Being working on a little something lately that entails Rails and the Ruby language. Ruby on Rails is a very interesting platform for creating web applications. It provides many tools out of the box that require little or no configuration to work. It is a bit to awkward to begin with for a Java person but this goes away with usage. I have some questions regarding performance but I guess I am going to find out about it one way or another :D.
One of the basic stuff that one comes across when trying to create a new relatively complex application is the user, role management. I guess that this is something platform independent and as long as you use the database for that kind of thing you are always going to come up with a schema of the kind:
user(id, name, etc...)
role(id, name) # one role is Manager
managed(id)
Where Managed is a little something that is managed by the user when he has a specific role.
To be complete, one must use an extra association table that will contain all possible (User, Role, Managed) triples. This is:
user_role_managed(id, user_id, role_id, managed_id)
Q: How I am going to use these tables DIRECTLY from my web page in Rails, when I want to display specific HTML elements for specific users/roles?

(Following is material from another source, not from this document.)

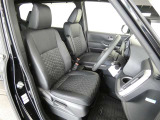 高いホールド性で運転姿勢が安定します。長距離ドライブでも疲れにくいのが魅力です。快適なドライビングライフをお送りください♪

A: Well in rails there are these beautiful constructs named helpers:
def is_manager? user, managed
UserRoleManaged.exists?(:user_id => user.id, :managed_id => managed.id, :role_id => Role.find_by_name('Manager').id)
end
which can be referenced like this from the view:
< %= link_to 'Delete Managed', delete_managed_path(@managed) if is_manager_of @user, @managed %>
Of course many things are not said here, but I think that the overall simplicity is obvious. As long as you have setup your model, creating the helper and using it from the view is quite straightforward.